HTTP 1.1 has turned into a protocol used for virtually everything on the Internet. Huge investments have been made in protocols and infrastructure that take advantage of this, to the extent that it is often easier today to make things run on top of HTTP rather than building something new on its own.
When HTTP was created and thrown out into the world, it was probably perceived as a rather simple and straightforward protocol, but time has proved that to be false. HTTP 1.0 in RFC 1945 is a 60-page specification released in 1996. RFC 2616 that describes HTTP 1.1 was released only three years later in 1999 and had grown significantly to 176 pages. Yet when we within IETF worked on the update to that spec, it was split up and converted into six documents with a much larger page count in total (resulting in RFC 7230 and family). By any count, HTTP 1.1 is big and includes a myriad of details, subtleties and, not the least, a lot of optional parts.
HTTP 1.1's nature of having lots of tiny details and options available for later extensions has grown a software ecosystem where almost no implementation ever implements everything – and it isn't even really possible to exactly tell what “everything” is. This has led to a situation where features that were initially little-used saw very few implementations, and those that did implement the features then saw very little use of them.
Later on, this caused an interoperability problem when clients and servers started to increase the use of such features. HTTP pipelining is a primary example of such a feature.
HTTP 1.1 has a hard time really taking full advantage of all the power and performance that TCP offers. HTTP clients and browsers have to be very creative to find solutions that decrease page load times.
Other attempts that have been going on in parallel over the years have also confirmed that TCP is not that easy to replace, and thus we keep working on improving both TCP and the protocols on top of it.
Simply put, TCP can be utilized better to avoid pauses or wasted intervals that could have been used to send or receive more data. The following sections will highlight some of these shortcomings.
When looking at the trend for some of the most popular sites on the web today and what it takes to download their front pages, a clear pattern emerges. Over the years, the amount of data that needs to be retrieved has gradually risen up to and above 1.9MB. What is more important in this context is that, on average, over 100 individual resources are required to display each page.
As the graph below shows, the trend has been going on for a while, and there is little to no indication that it will change anytime soon. It shows the growth of the total transfer size (in green) and the total number of requests used on average (in red) to serve the most popular web sites in the world, and how they have changed over the last four years.
transfer size growth
HTTP 1.1 is very latency sensitive, partly because HTTP pipelining is still riddled with enough problems to remain switched off to a large percentage of users.

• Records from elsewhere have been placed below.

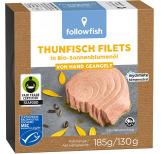 MSC Thunfisch Filets In Bio-Sonnenblumenöl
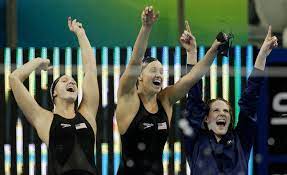 Dagny knutson was on fire as she entered her senior year. Swimmer Dagny Knutson Retires Again Seeking Normalcy The New York Times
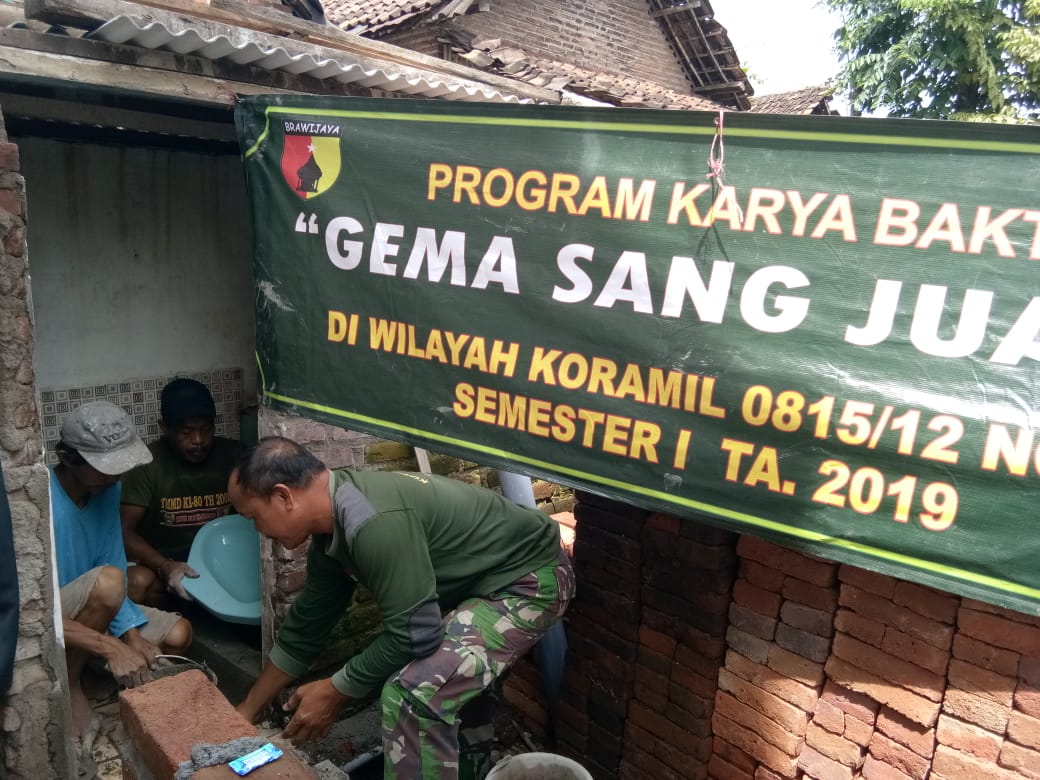 Salah Satu Sasaran Program Jambanisasi Di Wilayah Ngoro 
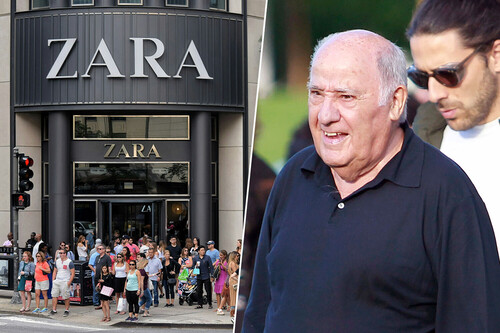 Amancio Ortega Top 10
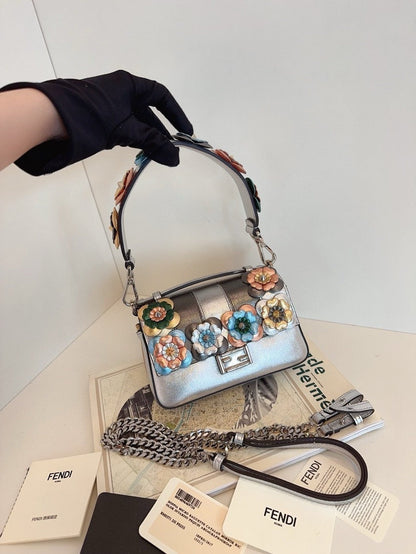 Fendi Bag 18x7x12cm 11775
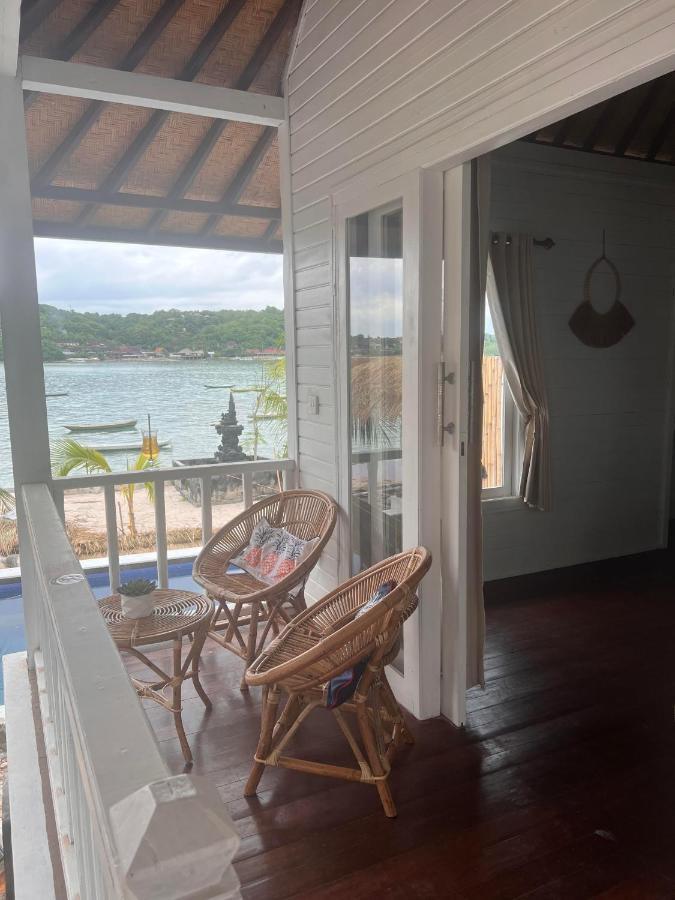 Mista Ceningan'S Beach Bungalows Previously The Kubu 221 Lembongan Exterior foto
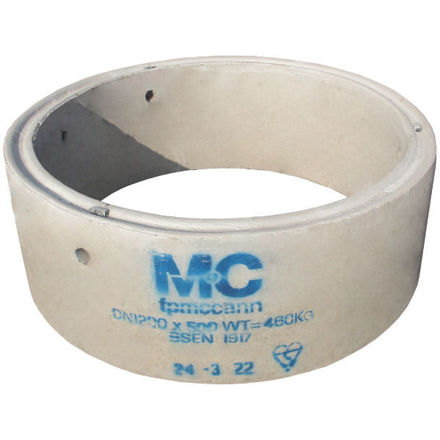Picture of MANHOLE RING DN1200 X 500 DEEP (STEPPED)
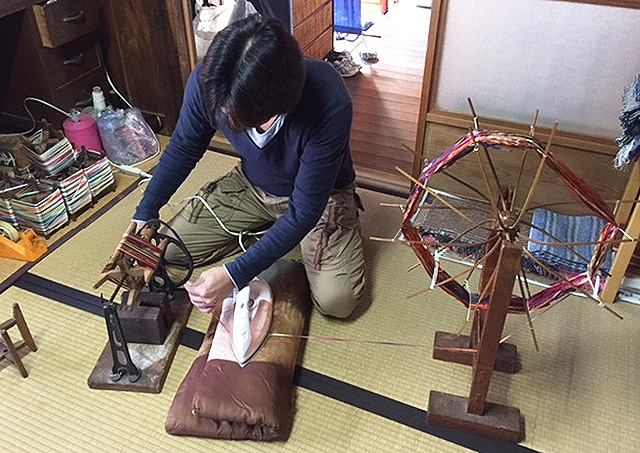 創作工房糸あそび／織のこと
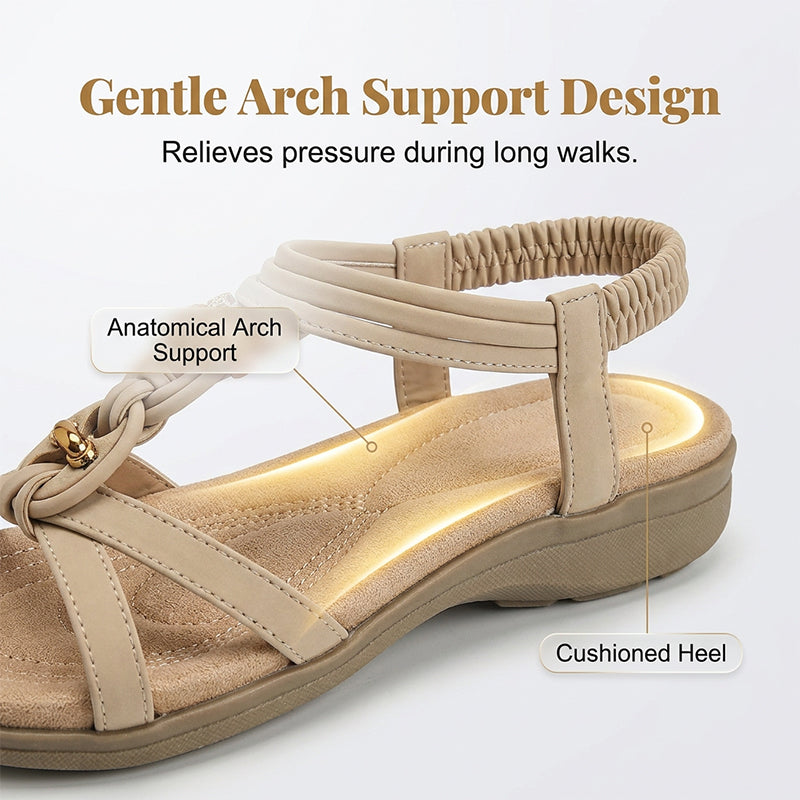 🌸 50% OFF NOW! 🌸 Women's Comfortable Bohemian Flat Sandals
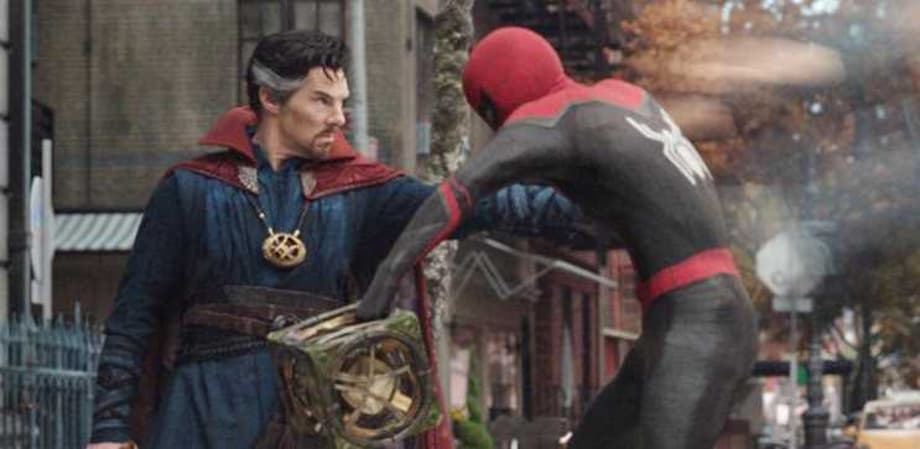 SPIDER-MAN: NO WAY HOME Scene Details May Explain Why Doctor Strange & Spidey Face-Off - SPOILERS
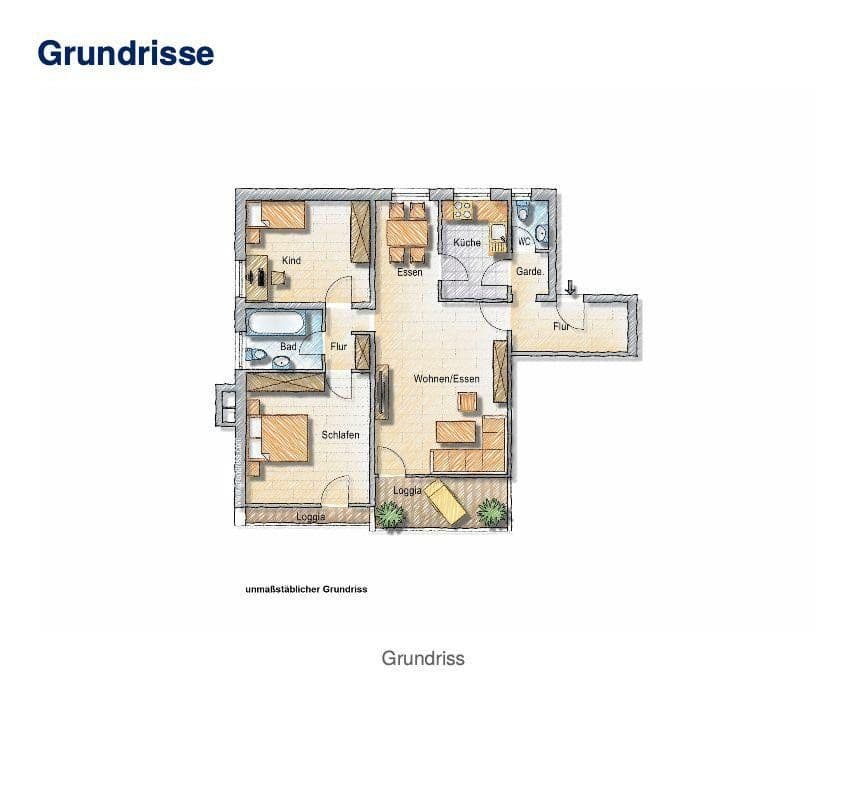 3 bedroom flat to rent, 86 m², Bierwirth's Wiese 11, Celle, Lower Saxony 3 bedroom flat to rent, 86 m², Bierwirth's Wiese 11, Celle, Lower Saxony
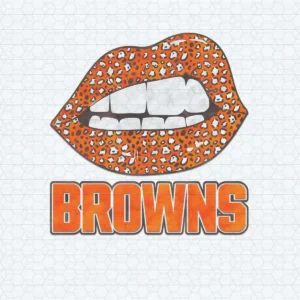 bold and playful with a vintage flair Browns classic SVG design showing excitement and pride for Cricut and Silhouette cutting machines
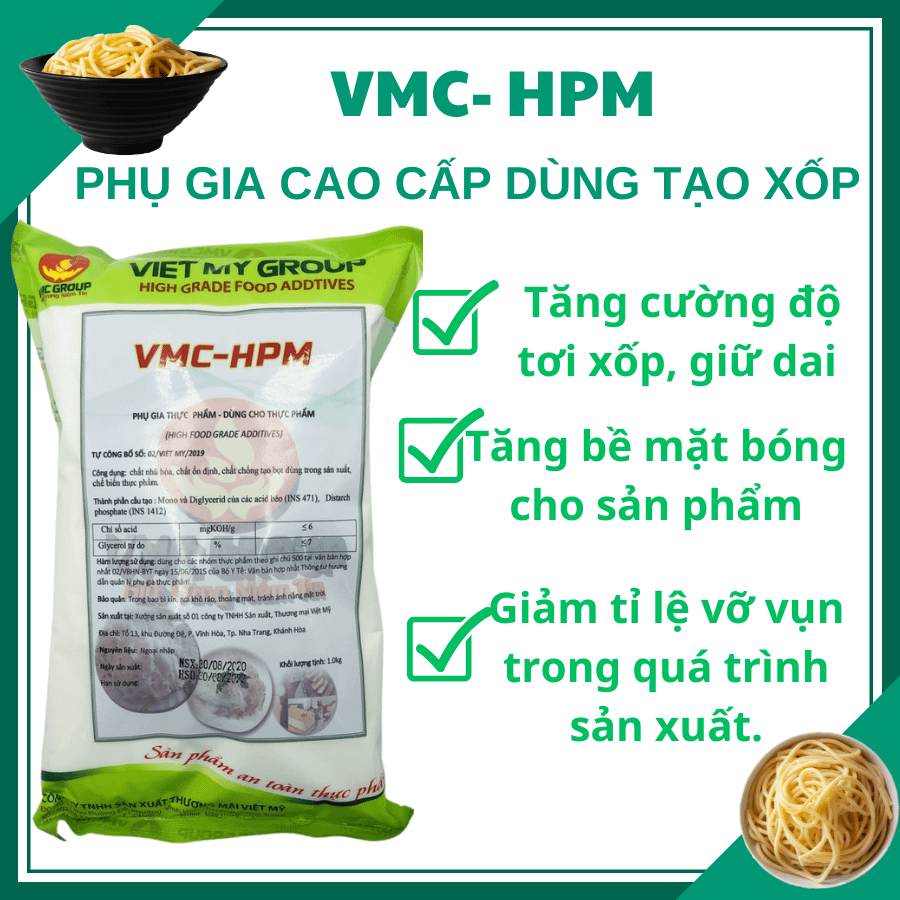 VMC HPM PHỤ GIA TẠO TƠI XỐP CHO BÚN MÌ PHỞ product image (1)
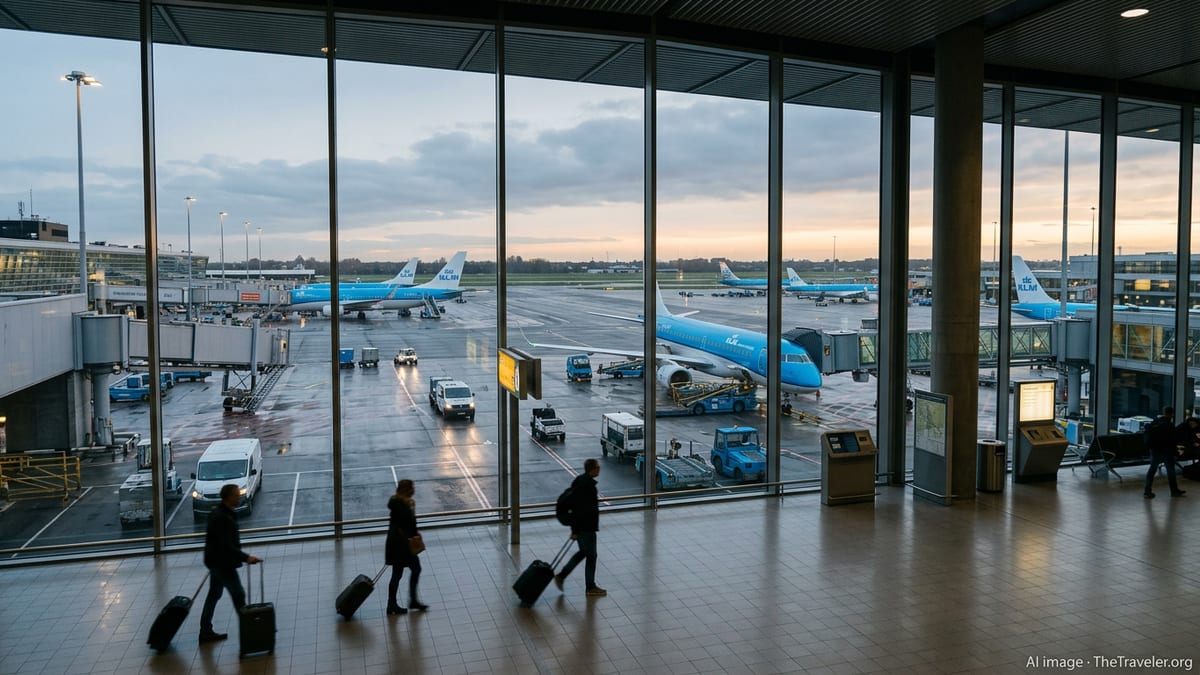 Dutch Court Scraps Schiphol Flight Cap, Jolting EU Noise Policy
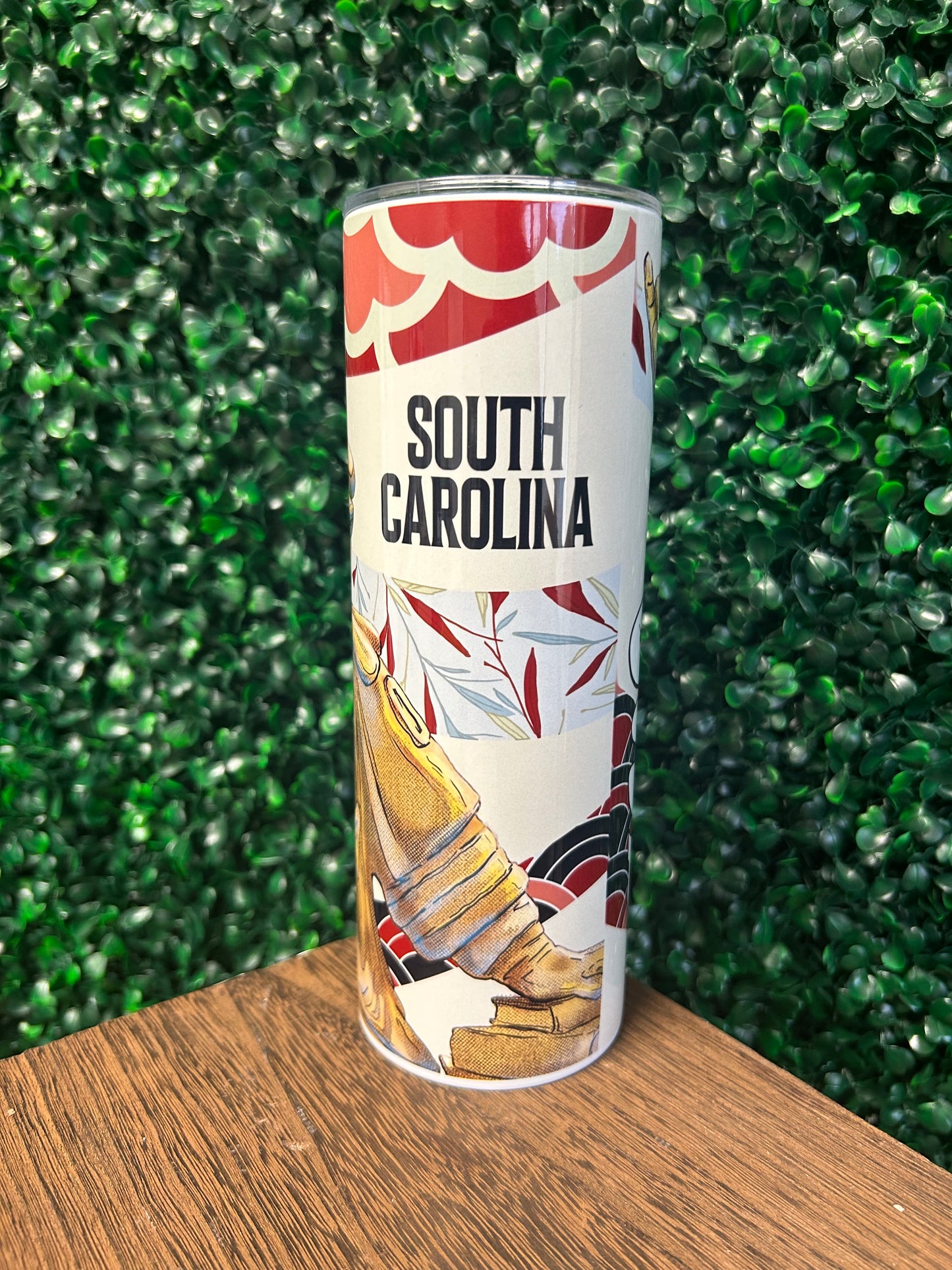 University of South Carolina Exclusive Cocky Tumbler_20oz_Sublimation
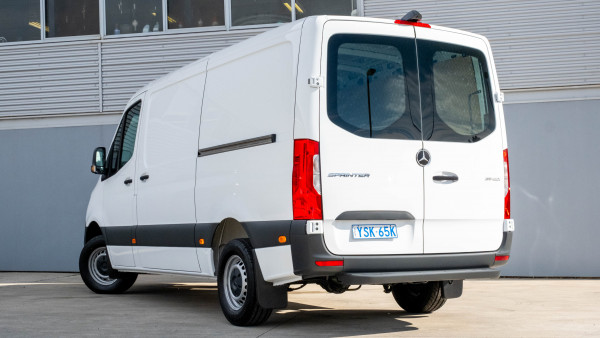 2025 Mercedes-Benz Sprinter VS30 311CDI MWB Van image 5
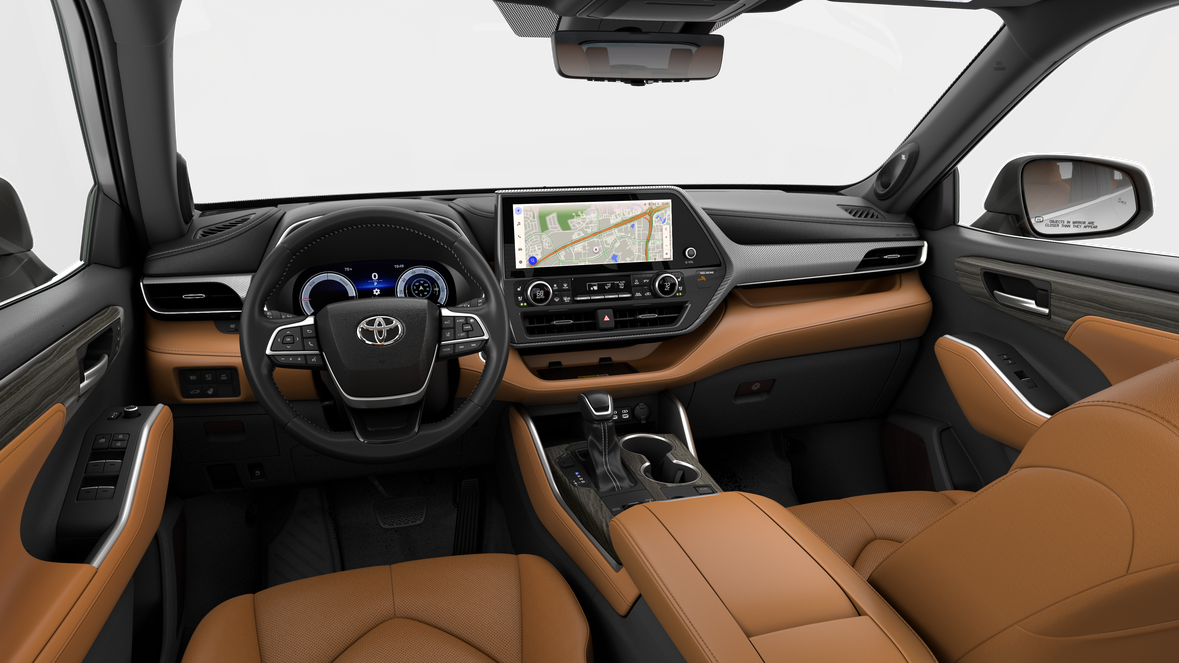 2026 Toyota Highlander Hybrid Platinum 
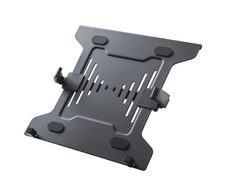 PureMounts Notebookhalterung für VESA Tischhalterungen schwarz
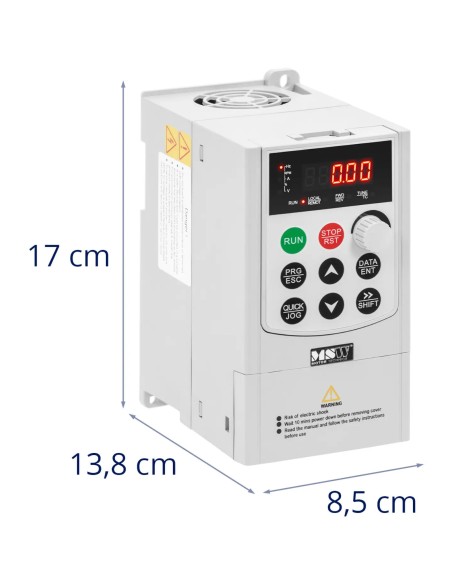 VFD dažnio keitiklis 500 Hz 1500 W 400 V
 
VFD dažnio keitiklis 500 Hz 1500 W 400 V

While we've seen a great increase in available bandwidth to people over the last few years, we have not seen the same level of improvements in reducing latency. High-latency links, like many of the current mobile technologies, make it hard to get a good and fast web experience even if you have a really high bandwidth connection.
Another use case requiring low latency is certain kinds of video, like video conferencing, gaming and similar where there's not just a pre-generated stream to send out.
HTTP pipelining is a way to send another request while waiting for the response to a previous request. It is very similar to queuing at a counter at the bank or in a supermarket: you just don't know if the person in front of you is a quick customer or that annoying one that will take forever before he/she is done. This is known as head-of-line blocking.
Sure, you can attempt to pick the line you believe is the correct one, and at times you can even start a new line of your own. But in the end, you can't avoid making a decision. And once it is made, you cannot switch lines.
Creating a new line is also associated with a performance and resource penalty, so that's not scalable beyond a smaller number of lines. There's just no perfect solution to this.
Even today, most desktop web browsers ship with HTTP pipelining disabled by default.